Muriel abrió los ojos.
– Sólo sacúdanse los pies al volver a entrar en casa.
Ella los condujo de nuevo al pasillo a través de la cocina. La escalera empezaba junto a la puerta que daba al garaje. La puerta estaba abierta, y Bosch atisbó una furgoneta abollada rodeada de pilas de cajas y cosas que aparentemente Muriel Verloren había recogido en sus rondas. También se fijó en lo cerca que estaba la puerta del garaje de la escalera. No sabía si este hecho tenía algún significado, pero recordó que en el expediente se sugería que el asesino se había escondido en algún lugar del interior de la casa y había esperado a que la familia se fuera a dormir. El garaje era el lugar más probable.
El paso de la escalera era estrecho, porque en uno de los lados, y hasta arriba, se alineaban cajas de objetos comprados por Muriel. Rider subió delante. Muriel indicó a Bosch que la siguiera, y cuando éste pasó a su lado le susurró:
– ¿Tiene hijos?
Bosch asintió, sabiendo que su respuesta le haría daño.
– Una hija.
Ella repitió el mismo gesto con la cabeza.
– Nunca la pierda de vista.
Bosch no le dijo que vivía con su madre muy lejos de su vista. Simplemente asintió y empezó a subir la escalera.
En el segundo piso había un rellano y dos habitaciones con un cuarto de baño entre ellas. El dormitorio de Becky Verloren estaba en la parte de atrás y tenía ventanas que daban a la ladera de la colina.
La puerta estaba cerrada, y Muriel la abrió. Entrar en el dormitorio fue como dar un salto en el tiempo. Bosch vio las mismas fotos de diecisiete años atrás que había estudiado en el expediente. El resto de la casa estaba lleno de basura y detritos de una vida desintegrada, pero la habitación donde Becky Verloren había dormido, hablado por teléfono y escrito su diario secreto no había cambiado. De hecho, la habían preservado más tiempo del que había vivido la chica.

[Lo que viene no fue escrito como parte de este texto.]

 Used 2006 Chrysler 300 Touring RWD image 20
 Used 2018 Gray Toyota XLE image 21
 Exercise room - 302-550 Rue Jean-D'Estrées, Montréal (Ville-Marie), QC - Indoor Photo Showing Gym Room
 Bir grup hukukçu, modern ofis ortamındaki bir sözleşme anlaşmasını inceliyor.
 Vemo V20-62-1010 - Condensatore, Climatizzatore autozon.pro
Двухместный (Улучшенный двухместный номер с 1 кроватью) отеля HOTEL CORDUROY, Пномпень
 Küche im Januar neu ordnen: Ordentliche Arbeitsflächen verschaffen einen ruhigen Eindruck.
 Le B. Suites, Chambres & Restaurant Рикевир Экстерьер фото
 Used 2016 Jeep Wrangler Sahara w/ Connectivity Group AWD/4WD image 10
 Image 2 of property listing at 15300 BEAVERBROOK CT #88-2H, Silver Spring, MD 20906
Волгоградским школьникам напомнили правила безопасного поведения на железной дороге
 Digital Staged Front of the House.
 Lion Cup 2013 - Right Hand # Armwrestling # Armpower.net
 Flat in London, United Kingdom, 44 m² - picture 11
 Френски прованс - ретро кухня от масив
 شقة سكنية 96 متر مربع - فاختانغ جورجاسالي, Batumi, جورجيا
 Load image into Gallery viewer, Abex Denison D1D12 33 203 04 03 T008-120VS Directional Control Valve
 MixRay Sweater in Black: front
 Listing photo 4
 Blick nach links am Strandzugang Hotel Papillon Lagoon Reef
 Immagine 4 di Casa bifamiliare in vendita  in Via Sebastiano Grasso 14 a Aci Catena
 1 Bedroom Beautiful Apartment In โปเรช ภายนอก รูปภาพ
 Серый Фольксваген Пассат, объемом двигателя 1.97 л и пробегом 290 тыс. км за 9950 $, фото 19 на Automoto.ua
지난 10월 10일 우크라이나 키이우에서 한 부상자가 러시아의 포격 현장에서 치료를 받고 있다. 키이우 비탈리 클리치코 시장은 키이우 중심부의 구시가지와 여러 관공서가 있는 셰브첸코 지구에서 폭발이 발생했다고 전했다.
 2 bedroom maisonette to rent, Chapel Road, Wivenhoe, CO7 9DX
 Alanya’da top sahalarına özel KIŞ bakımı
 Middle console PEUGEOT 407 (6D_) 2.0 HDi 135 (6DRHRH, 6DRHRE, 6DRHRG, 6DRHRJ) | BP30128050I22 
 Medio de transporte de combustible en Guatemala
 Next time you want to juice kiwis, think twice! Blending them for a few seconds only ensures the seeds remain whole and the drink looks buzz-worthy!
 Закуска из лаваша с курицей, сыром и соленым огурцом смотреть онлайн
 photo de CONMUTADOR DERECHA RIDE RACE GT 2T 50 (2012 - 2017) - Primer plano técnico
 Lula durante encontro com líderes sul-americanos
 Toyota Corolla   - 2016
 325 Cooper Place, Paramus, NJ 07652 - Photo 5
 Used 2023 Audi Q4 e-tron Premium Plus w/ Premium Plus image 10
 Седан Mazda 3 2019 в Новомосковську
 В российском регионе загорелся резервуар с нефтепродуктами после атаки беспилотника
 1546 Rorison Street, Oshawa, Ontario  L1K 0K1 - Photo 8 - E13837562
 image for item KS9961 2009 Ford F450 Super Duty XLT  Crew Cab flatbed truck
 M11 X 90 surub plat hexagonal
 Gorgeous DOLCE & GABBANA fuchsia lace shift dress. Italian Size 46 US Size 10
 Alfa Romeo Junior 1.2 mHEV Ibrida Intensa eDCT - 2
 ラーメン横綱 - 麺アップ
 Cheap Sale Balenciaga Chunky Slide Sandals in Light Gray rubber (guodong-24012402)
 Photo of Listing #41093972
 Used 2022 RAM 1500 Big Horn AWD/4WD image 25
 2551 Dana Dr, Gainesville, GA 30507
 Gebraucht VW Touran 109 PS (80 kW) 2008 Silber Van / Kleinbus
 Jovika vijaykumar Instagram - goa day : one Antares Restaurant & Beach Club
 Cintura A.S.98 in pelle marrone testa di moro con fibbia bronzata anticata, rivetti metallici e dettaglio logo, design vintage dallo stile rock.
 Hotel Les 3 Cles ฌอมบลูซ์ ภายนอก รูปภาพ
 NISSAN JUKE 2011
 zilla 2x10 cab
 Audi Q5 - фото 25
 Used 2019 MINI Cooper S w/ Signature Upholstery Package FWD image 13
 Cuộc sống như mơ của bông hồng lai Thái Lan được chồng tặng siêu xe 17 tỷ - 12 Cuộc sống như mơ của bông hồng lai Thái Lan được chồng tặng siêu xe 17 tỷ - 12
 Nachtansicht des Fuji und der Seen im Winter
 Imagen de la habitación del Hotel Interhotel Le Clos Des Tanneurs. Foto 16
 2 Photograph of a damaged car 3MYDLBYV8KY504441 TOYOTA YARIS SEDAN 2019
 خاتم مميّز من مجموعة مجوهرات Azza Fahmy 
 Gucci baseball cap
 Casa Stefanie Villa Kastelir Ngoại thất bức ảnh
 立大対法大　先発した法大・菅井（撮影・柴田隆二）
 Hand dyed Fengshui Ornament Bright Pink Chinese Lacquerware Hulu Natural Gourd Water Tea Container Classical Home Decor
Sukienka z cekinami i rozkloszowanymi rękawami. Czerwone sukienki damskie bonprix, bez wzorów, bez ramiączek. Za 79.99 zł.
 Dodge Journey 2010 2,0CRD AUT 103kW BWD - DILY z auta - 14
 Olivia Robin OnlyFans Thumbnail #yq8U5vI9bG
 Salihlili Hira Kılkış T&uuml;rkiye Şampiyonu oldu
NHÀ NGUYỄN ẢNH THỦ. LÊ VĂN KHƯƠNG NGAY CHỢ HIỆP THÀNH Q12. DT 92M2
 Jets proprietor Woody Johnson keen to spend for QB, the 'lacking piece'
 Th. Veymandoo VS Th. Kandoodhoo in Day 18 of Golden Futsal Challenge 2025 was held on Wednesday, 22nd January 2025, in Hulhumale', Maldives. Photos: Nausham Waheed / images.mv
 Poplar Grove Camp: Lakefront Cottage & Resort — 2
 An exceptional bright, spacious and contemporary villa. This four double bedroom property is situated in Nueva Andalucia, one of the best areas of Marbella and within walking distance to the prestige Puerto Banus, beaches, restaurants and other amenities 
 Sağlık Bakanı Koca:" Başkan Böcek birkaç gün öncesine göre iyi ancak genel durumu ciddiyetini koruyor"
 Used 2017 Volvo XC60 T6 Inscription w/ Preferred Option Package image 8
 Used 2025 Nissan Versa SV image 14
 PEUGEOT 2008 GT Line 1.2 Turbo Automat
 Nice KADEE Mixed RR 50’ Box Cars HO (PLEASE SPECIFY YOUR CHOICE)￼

Bosch se adentró en el dormitorio y lo observó en silencio. Ni siquiera el gato entraba allí. El aire olía fresco y limpio.
– Está exactamente como el día en que se fue -dijo Muriel-. Salvo que hice la cama.
Bosch miró la colcha de los gatos que se extendía pulcramente hasta el suelo.
– Usted y su marido estaban durmiendo en el otro lado de la casa, ¿verdad? preguntó Bosch.